Et si je puis me permettre de livrer ici une confidence émotionnelle : j’ai encore en mémoire sensitive l’émotion ressentie lorsqu’elle exprime son amour : Hui He pousse la perfection mimétique en se hissant sur ses pointes de pied pour mieux encore « pousser » sa voix… Le public en a frissonné …
→ Marie-Nicole Lemieux, l’une des plus brillantes étoiles qui parcourt le monde pour y interpréter les plus grands airs, interprétait le rôle d’Azucena, la mère gitane de Manrico. Un rôle sur mesure pour une orfèvre lyrique, mêlant à la fois l’amour maternel, le désir de vengeance et la satisfaction salie de chagrin. Un rôle dans lequel elle s’est à nouveau illustrée, à en juger par les acclamations non retenues du public orangeais.
→ George Petean fêtait son « baptême chorégique » : un conte de Luna dont le talent rivalise avec le charisme.
→ Les Chorégies ont accueilli Bertrand de Billy, l’un des chefs d’orchestre les plus prestigieux au monde.
Ce Théâtre n’accorde aucune place à l’à peu près : son architecture place les artistes assez loin de l’orchestre (60 m environ) et ceux-ci doivent anticiper sur la musique pour être parfaitement synchronisés.
Orange exige une excellence de tous les niveaux.
→ La mise en scène, signée Charles Roubaud (à qui la Région a offert ses galons lors de ses débuts), se révèle sobre et efficiente avec une entrée surprenante : des lits de camp disposés sur la scène que viennent occuper des hommes torse nu : bande de rebelles de Saragosse, dont le chef n’est autre que Manrico, interprété par Roberto Alagna.
→ Roberto Alagna… celui que tout le monde attendait… au tournant ! Les puristes l’adorent ou le détestent.
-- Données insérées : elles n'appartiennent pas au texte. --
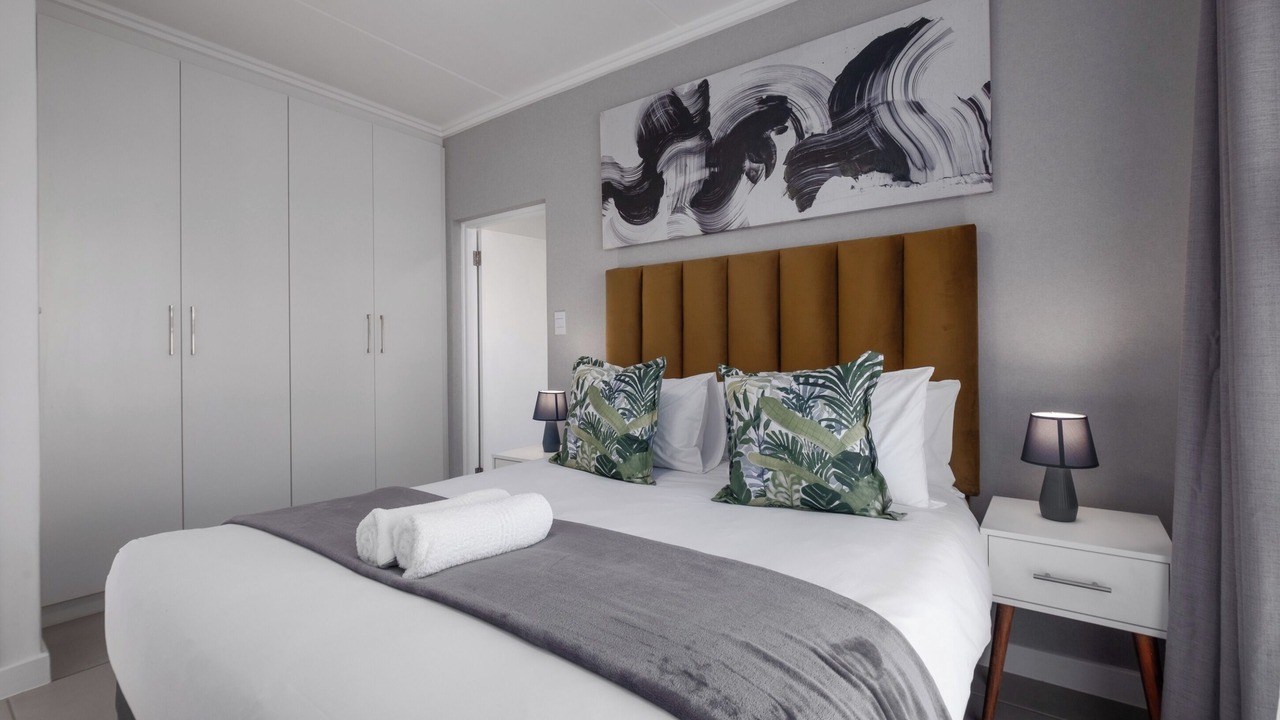 Photo of Bedroom in Ballito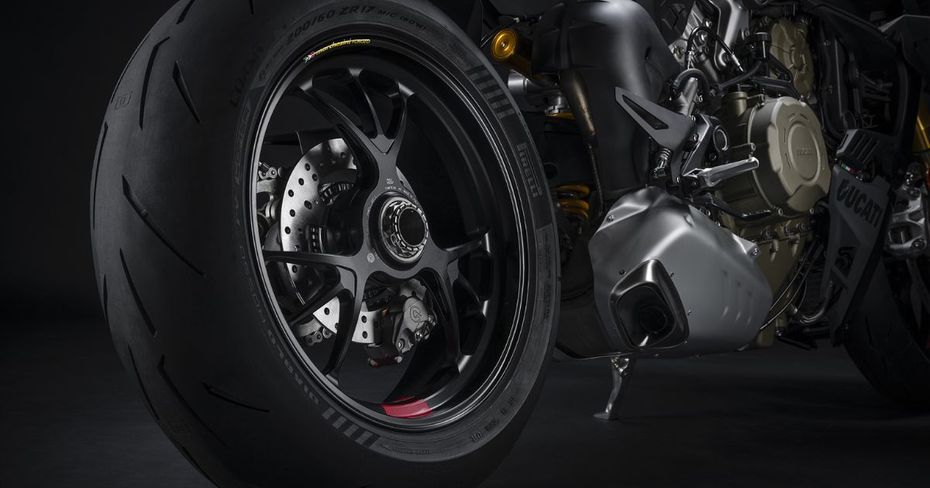 Ducati Streetfighter V4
Dans les gradins les souffles se coupent par admiration ou par attente du faux pas.
Serait-ce son rôle de troubadour peu charismatique face à la superbe du comte de Luna ou sa notoriété « populaire » qui induit tant de radicalité ?
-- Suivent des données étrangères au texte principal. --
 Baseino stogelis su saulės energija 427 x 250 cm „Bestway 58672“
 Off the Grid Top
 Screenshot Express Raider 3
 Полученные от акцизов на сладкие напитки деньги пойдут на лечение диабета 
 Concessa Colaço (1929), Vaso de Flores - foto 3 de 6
Le fait est que le chanteur laisse peu de place à la nuance. Adulé pour son interprétation d’Otello l’année dernière et fier de ses quinze années de présence sur la scène d’Orange, le plus célèbre des ténors est probablement celui qui génère le plus de déchaînements.
Entrant sur scène en costume noir, cheveux négligés au vent et avec peu d’aplomb, Roberto Alagna sous les traits de Manrico ne montre définitivement aucune prestance. Ses premiers chants oublient les aigus pour ne se livrer qu’aux tierces.
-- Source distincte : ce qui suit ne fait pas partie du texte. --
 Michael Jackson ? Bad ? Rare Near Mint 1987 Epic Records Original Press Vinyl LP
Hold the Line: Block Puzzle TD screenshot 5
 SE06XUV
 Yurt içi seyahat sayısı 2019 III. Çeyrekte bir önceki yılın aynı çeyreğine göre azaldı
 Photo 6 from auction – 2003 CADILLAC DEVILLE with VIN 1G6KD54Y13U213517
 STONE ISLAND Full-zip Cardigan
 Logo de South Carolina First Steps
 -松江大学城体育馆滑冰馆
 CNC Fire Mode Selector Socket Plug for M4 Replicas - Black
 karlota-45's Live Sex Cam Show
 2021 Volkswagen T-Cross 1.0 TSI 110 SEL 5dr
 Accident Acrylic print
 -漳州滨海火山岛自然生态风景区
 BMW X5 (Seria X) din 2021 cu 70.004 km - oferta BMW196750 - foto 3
Les actes suivants lui rendront ses lettres de noblesse et laisseront sa voix emplir le théâtre.
Roberto Alagna mène ses troupes pour saluer « son » public. Il semble s’attribuer tous les applaudissements comme si, au vu de sa longue expérience sur la scène d’Orange, lui seul était légitime pour les recevoir.
L’année prochaine les Chorégies accueillent Traviata .
Et je me permets un conseil : qui a connu une seule fois les Chorégies en étant bien placé ne peut plus revenir aux places du haut, éloignées du son, de l’image et de l’émotion.
A l’année prochaine, donc !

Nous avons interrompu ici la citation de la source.